Search papers, labs, and topics across Lattice.
This paper introduces Agents'Last Exam (ALE), a benchmark specifically designed to evaluate AI agents on long-horizon, economically valuable tasks, addressing the gap between AI performance on standard benchmarks and real-world deployment. Developed with input from over 250 industry experts, ALE encompasses a comprehensive task taxonomy that spans 1,000+ tasks across 13 industry clusters, focusing on non-physical industries. Current evaluations reveal that the hardest tier of tasks remains underexplored, with an average full pass rate of only 2.6%, highlighting the need for more rigorous assessment frameworks in AI development.
The hardest AI tasks remain largely unsolved, with current models achieving only a 2.6% success rate on economically valuable workflows.

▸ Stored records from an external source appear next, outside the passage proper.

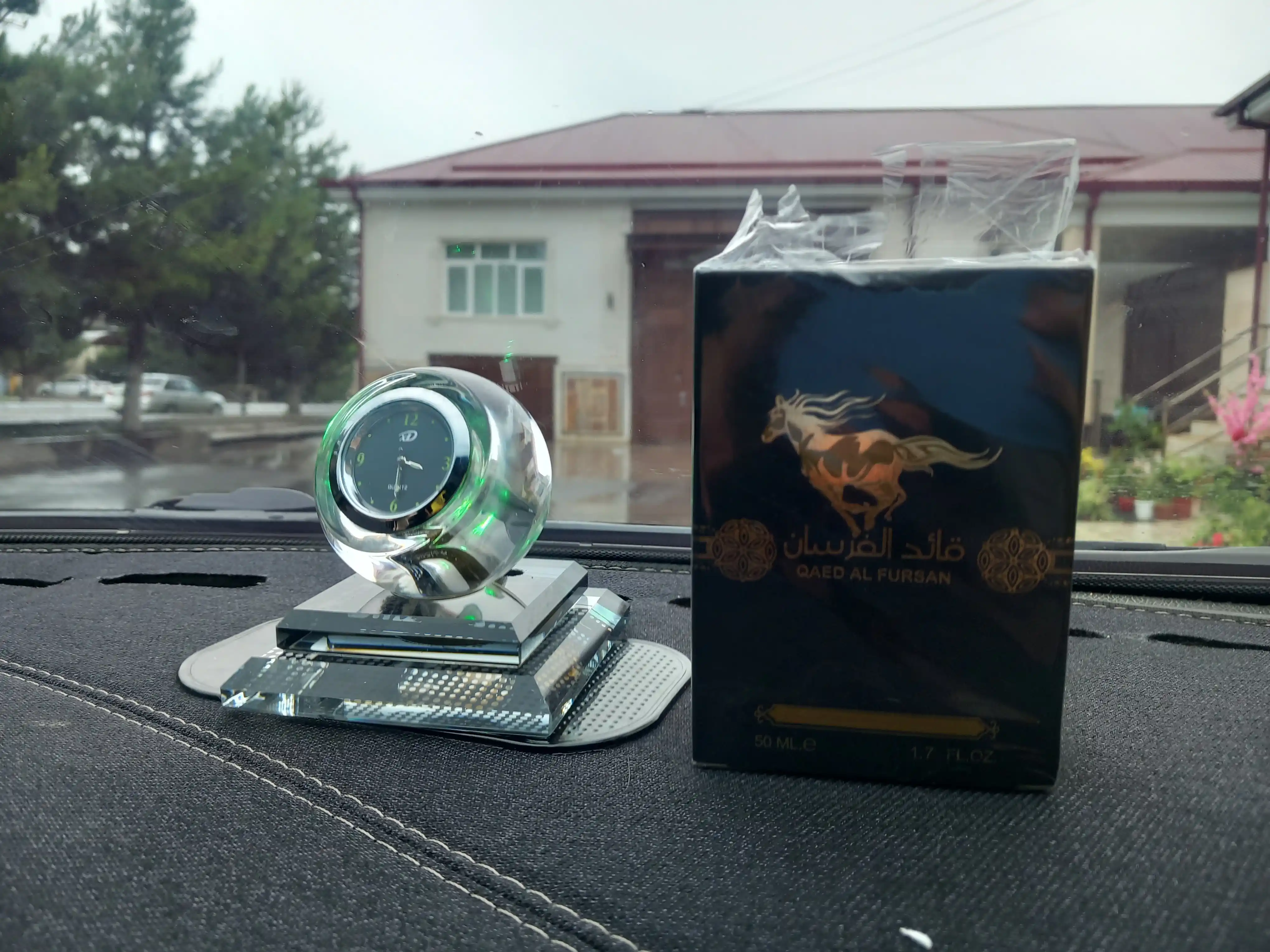 Avtomobil uchun soatli parfum diffuzori, mashina torpedasi uchun shishali aromatizator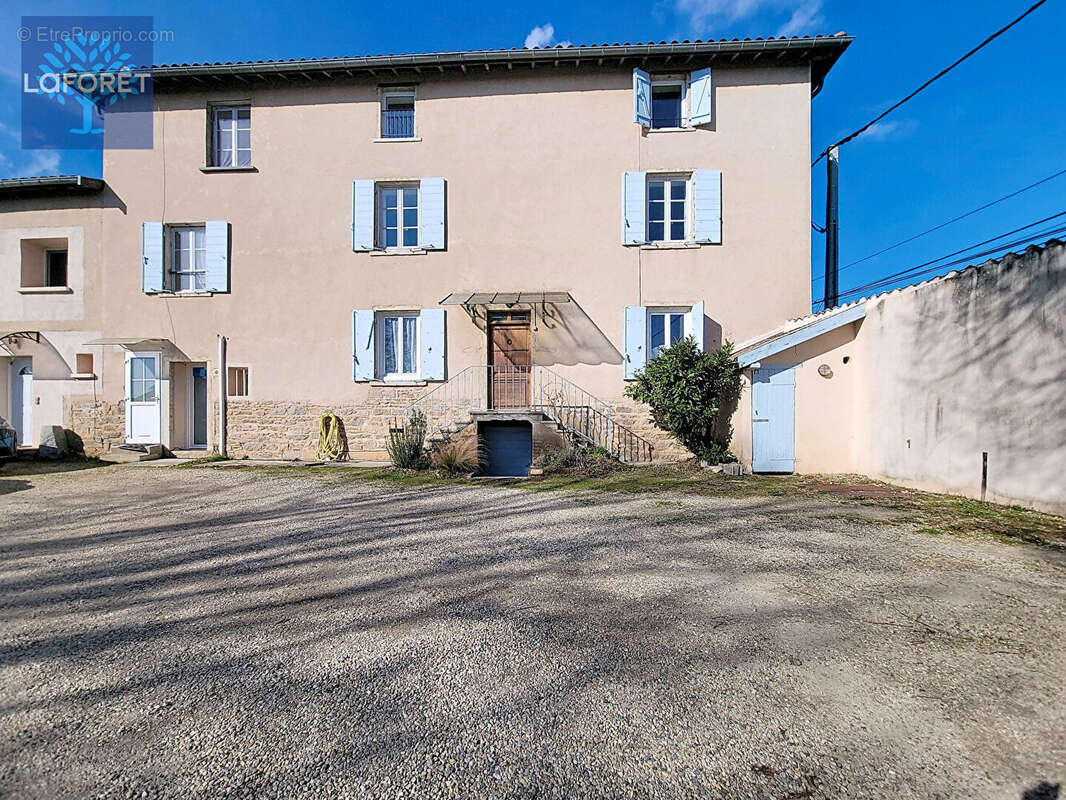 Appartement à CHAPONOST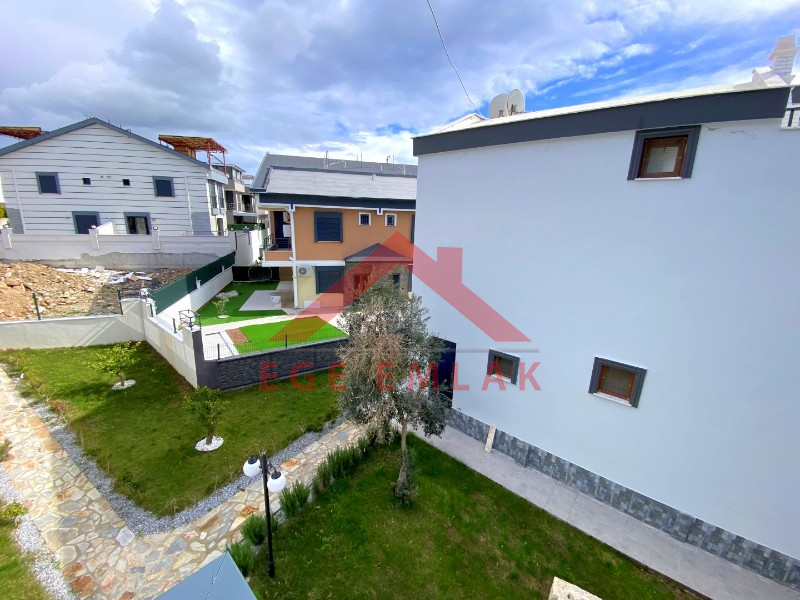 Didim'de Ayrı Mutfaklı Satılık Villa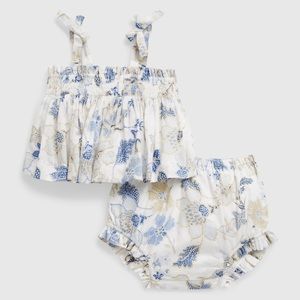 Gap Two-piece outfit in spring floral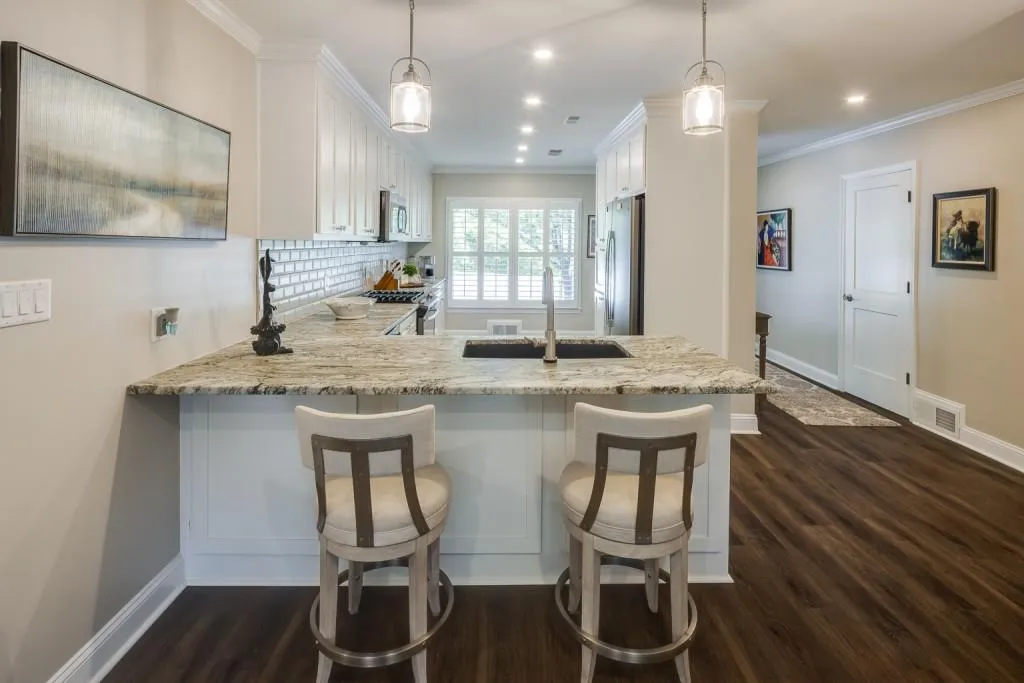 661 Hammond Drive, Sandy Springs, Georgia 30328, 3 Bedrooms Bedrooms, ,2 BathroomsBathrooms,Residential,Sold,661 Hammond Drive,7212897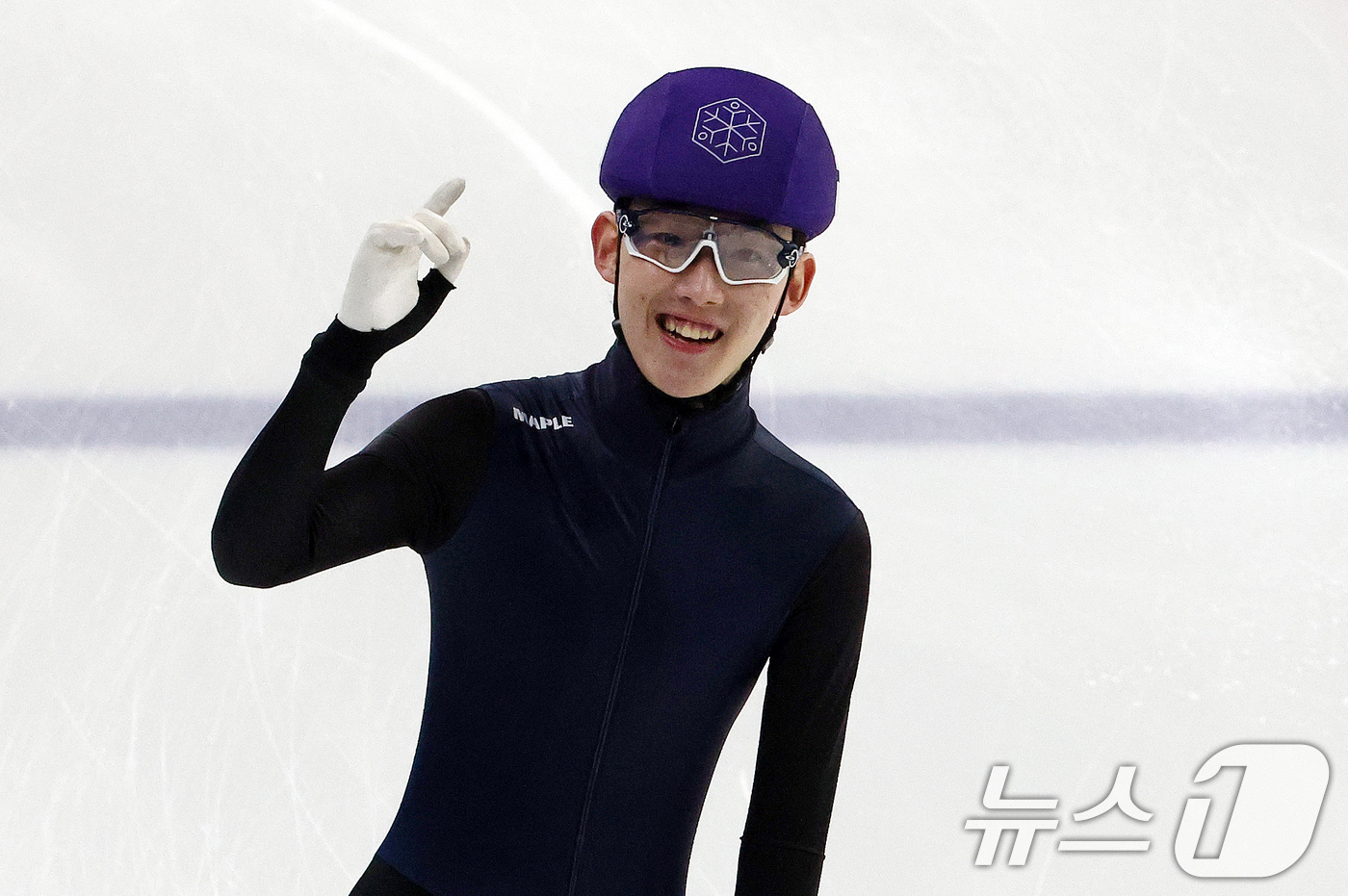 남자 <b>쇼트트랙</b>, 1차 월드 투어 5000m 계주 金…<b>임종언 2관왕</b>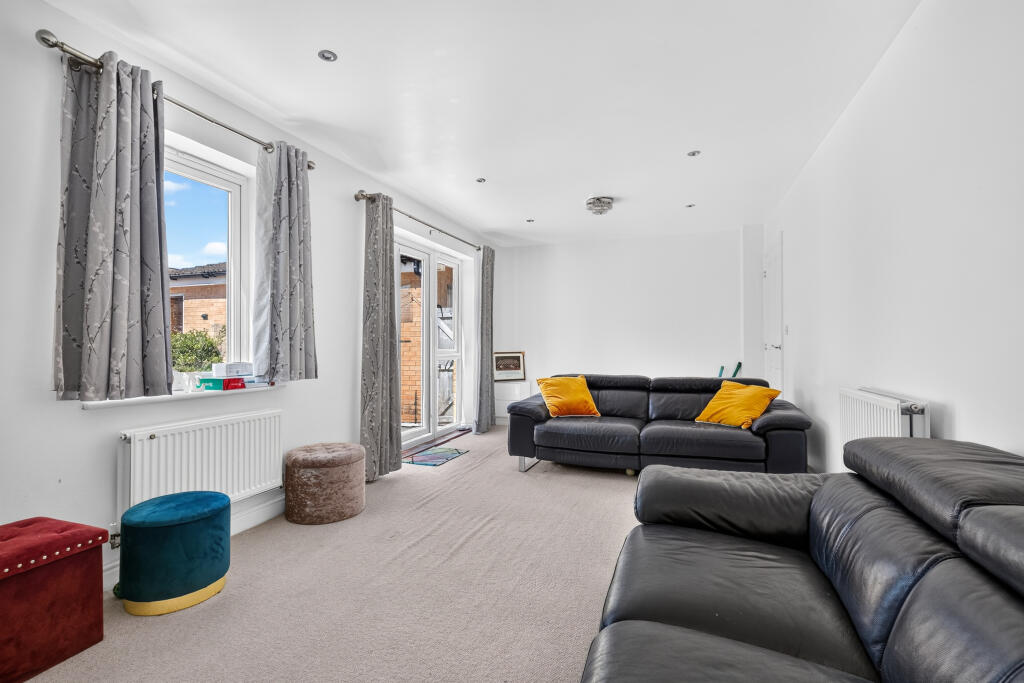House in Bracknell, The Parks, Birch Hill - View 5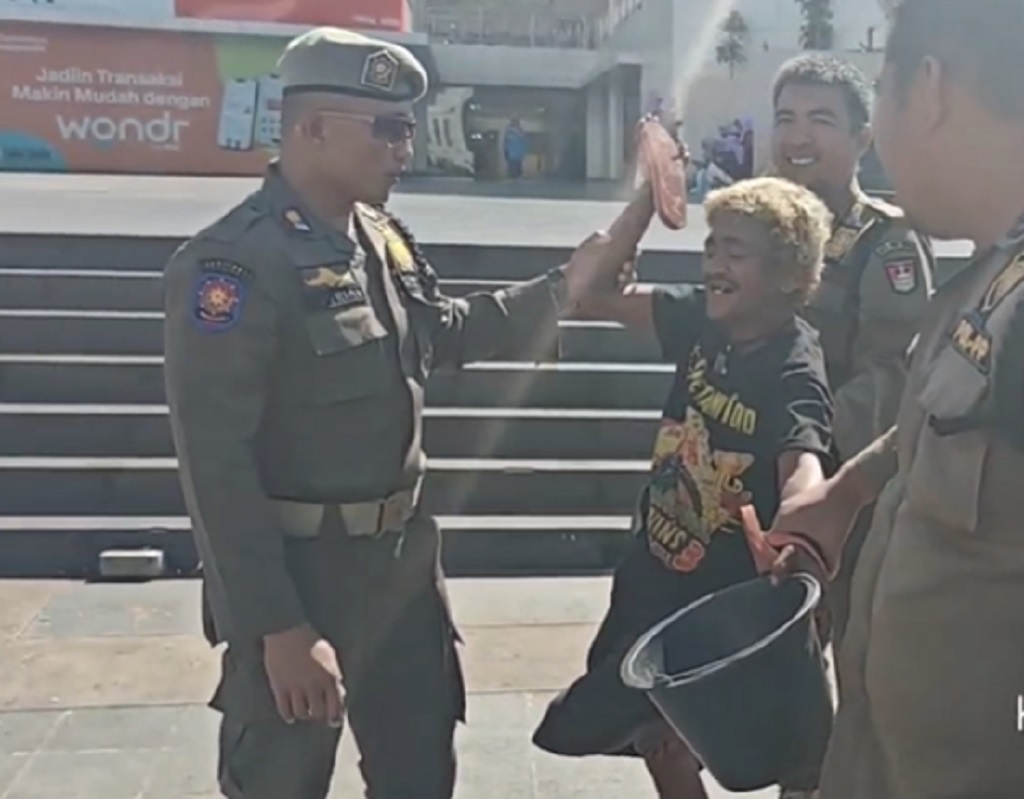 Pengemis Modus Ngesot di Jam Gadang Bukittinggi Ditangkap, Ternyata Bisa Jalan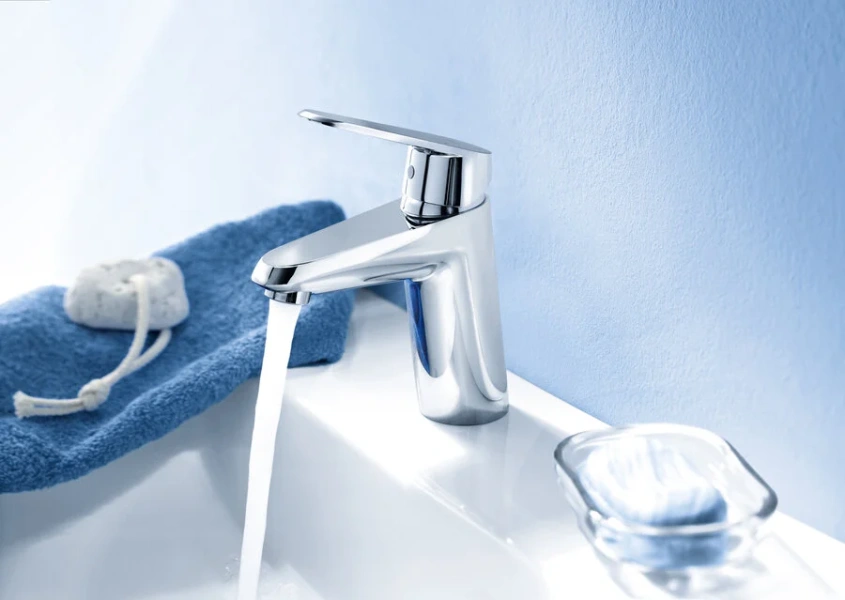 Смеситель для раковины Grohe Eurodisc Cosmopolitan 33190 (детальная фотография), округлая форма, с донным клапаном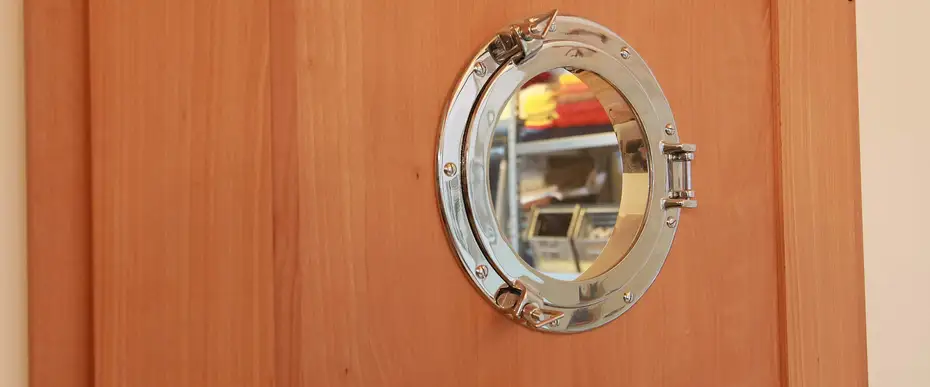 Echtes Bullauge aus dem Schiffsbedarf für die Buchentür in Rahmenbauweise 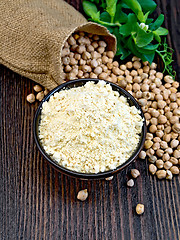 Image showing Flour chickpeas in bowl with peas on dark board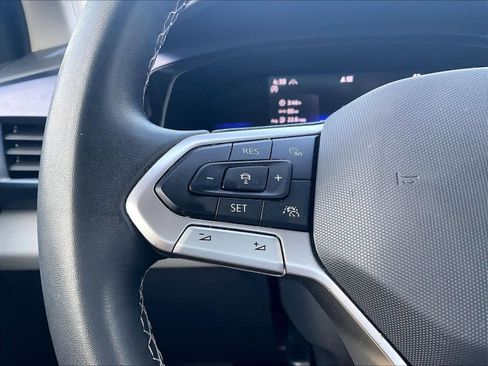 Used 2022 Volkswagen Taos SE image 22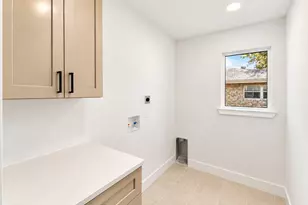 5704 Parkwood Dr, Austin, TX 78735 - Photo 32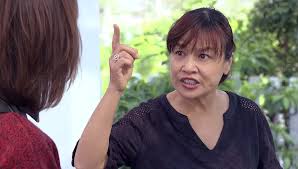 Ở trích đoạn giới thiệu tập 2 hương vị tình thân phần 2, nam (phương oanh) bị hai người phụ nữ bất ngờ xông tới hắt nước, xé áo đánh ghen. HÆ°Æ¡ng Vá»‹ Tinh Than Táº­p 46 Ba Dáº§n Báº¯t Quáº£ Tang Ba Bich Noi Xáº¥u Minh Sau LÆ°ng Vtv Vn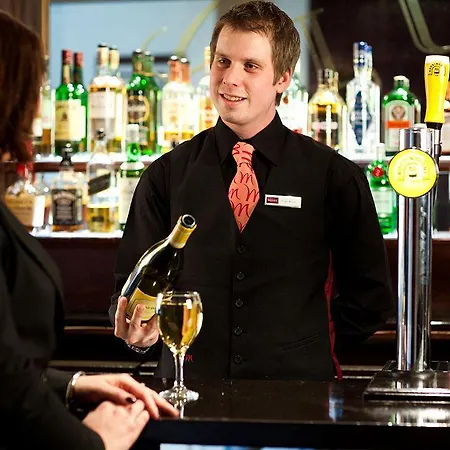 Mercure Bradford, Bankfield Hotel 3*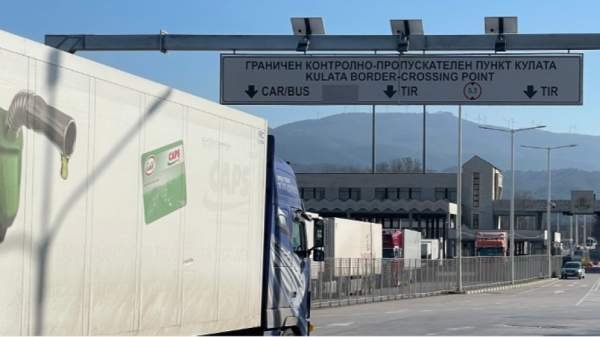 Интенсивное движение грузовых автомобилей на выездах в Румынию, Грецию и Сербию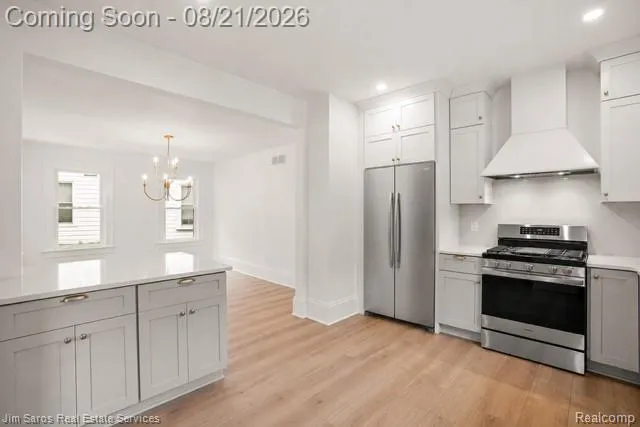475 Saint Clair Avenue Grosse Pointe City, MI 48230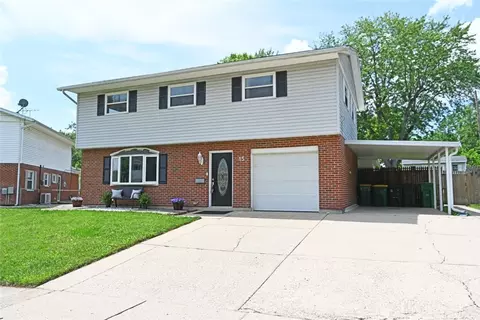 15 Woods Rd, Springboro, OH 45066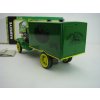 Hawkeye John Deere na Klíček 1:32 Kovap Plechové hračky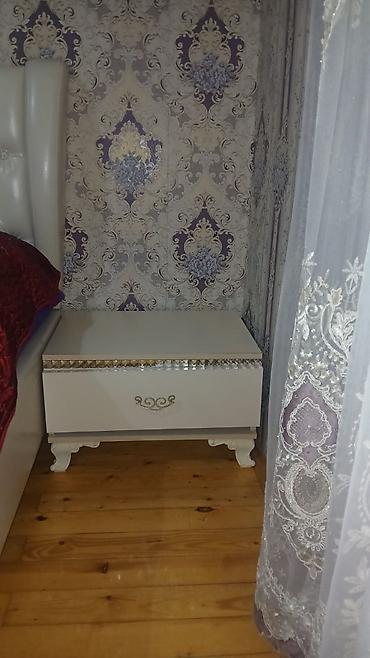 Ev üçün digər mebel: Ağ rəngdə, klassik üslubda yataq dəsti. Dəstə böyük sürgülü qarderob — 4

Recent AI systems have achieved strong results on a wide range of benchmarks, yet these gains have not translated into economically meaningful deployment across many professional domains. We argue that this gap is largely an evaluation problem: widely used benchmarks lack sustained performance measurement on real and economically valuable workflows. This paper introduces Agents'Last Exam (ALE), a benchmark designed to evaluate AI agents on long-horizon, economically valuable, real-world tasks with verifiable outcomes. Developed in collaboration with 250+ industry experts, ALE covers non-physical industries defined with reference to O*NET / SOC 2018 (the U.S. federal occupational taxonomy). It is organized around a task taxonomy with 55 subfields grouped into 13 industry clusters covering 1K+ tasks. Current results show that the hardest tier remains far from saturated: across mainstream harness and backbone configurations, the average full pass rate is 2.6%. ALE is designed as a living benchmark: its task pool grows continuously as new workflows and industries are onboarded. More broadly, ALE is intended not merely as another leaderboard, but as an instrument for closing the gap between benchmark success and GDP-relevant impact.